Kitty (Кошечка) is a 2009 Russian psychedelic comedy film directed by Grigory Konstantinopolsky.

The film tells about five different people: a baby, a teenager, a successful businessman, a loser writer and an elderly ballerina, each of whom believes that he will achieve success and personal happiness.

== Plot ==
The film is structured around five monologues, each narrated by a distinct protagonist: a baby, a teenager, a successful businessman, a struggling writer, and an elderly ballerina.

In the first story, "The Mad Ballerina", an aging, once-aspiring ballerina named Varechka (played by Mikhail Efremov) reflects on her life. Now isolated and accompanied only by her dog, whom she humorously calls Isadora Duncan, Varechka remembers her relentless dedication to ballet, shaped by her mentor’s words: “sacrifice, persistence, fanaticism, and grueling work.” Despite her sacrifices and enduring intrigues and schemes, she never attained a lead role. Aging and sidelined, she clings to cynicism, scoffing at her similarly destitute friends, while refusing to accept that she may have lacked true talent.

The second story, "Marriage of Convenience", follows Viktor (Alexander Strizhenov), a shrewd businessman who, on his wedding day, spies on his fiancée Polina. His interest in Polina stemmed from rumors of her wealth, leading him to invest heavily in winning her over. However, after overhearing wedding guests, he realizes that Polina orchestrated the marriage to secure his wealth, reversing his carefully calculated plan.

In "A Strange Dream", the third story, a one-year-old boy named Seryozha (Viktor Sukhorukov) plots revenge against his nanny, Svetka. Despite his young age, he narrates with an adult’s cynicism and experiences vivid, violent dreams. Planning to stab Svetka, he hesitates when a neighbor's child interrupts. In an elevator encounter with a large dog, his nightmares come to life briefly, but the dog merely licks him, shattering his grim imagination.

The fourth story, "Kitty, or From the Author", follows Pavlik (Yevgeny Stychkin), a struggling writer who finally lands a publishing contract for future novels. While constructing a dream home, he encounters writer’s block, only to find inspiration from his new black cat, who “dictates” his work to him. Buoyed by newfound success, he envisions a future filled with creative output, companionship, and contentment.

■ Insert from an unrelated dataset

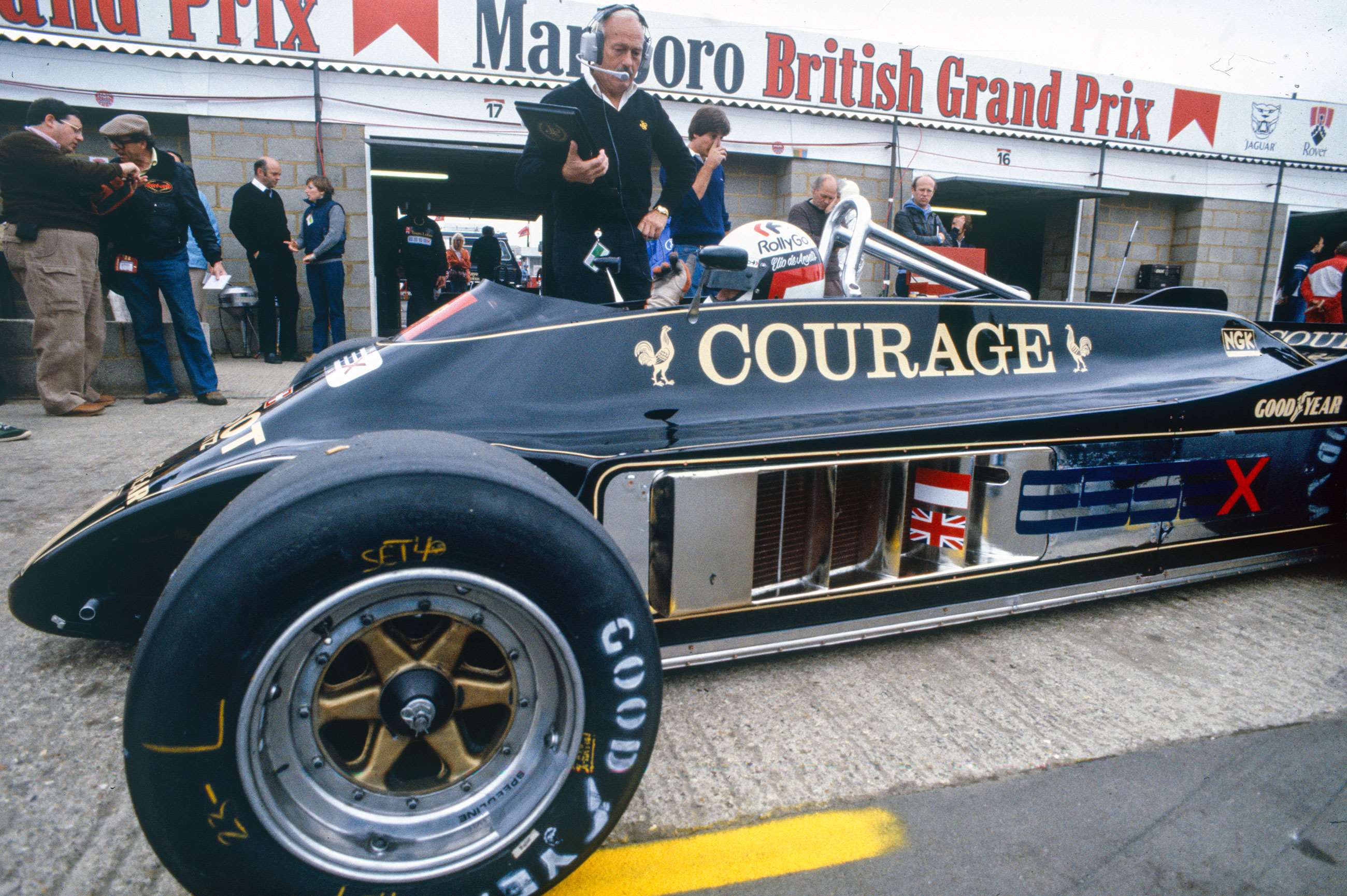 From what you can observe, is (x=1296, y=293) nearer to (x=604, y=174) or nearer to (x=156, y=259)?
(x=604, y=174)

In the final story, "Kris-Maria de Levier", 14-year-old Nastya (Svetlana Ivanova) idolizes a pop star named Bol and creates an online persona, Kris-Maria de Levier, to connect with him. To her surprise, Bol responds, mistaking her for her own mother, who used the same pseudonym online, bringing Nastya face-to-face with an unexpected twist in her adolescent fantasy.

== Cast ==
- Pavel Derevyanko as The visitor on wedding (credit only)
- Mikhail Efremov as Ballerina Varechka (credit only)
- Svetlana Ivanova as Nastya (credit only)
- Yuri Kolokolnikov as The visitor on wedding (as Yuriy Kolokolnikov) (credit only)
- Grigoriy Konstantinopolskiy
- Aleksandr Strizhenov as Businessman Viktor (credit only)
- Yevgeny Stychkin as Writer Pavlik (credit only)
- Viktor Sukhorukov as Serezha (credit only)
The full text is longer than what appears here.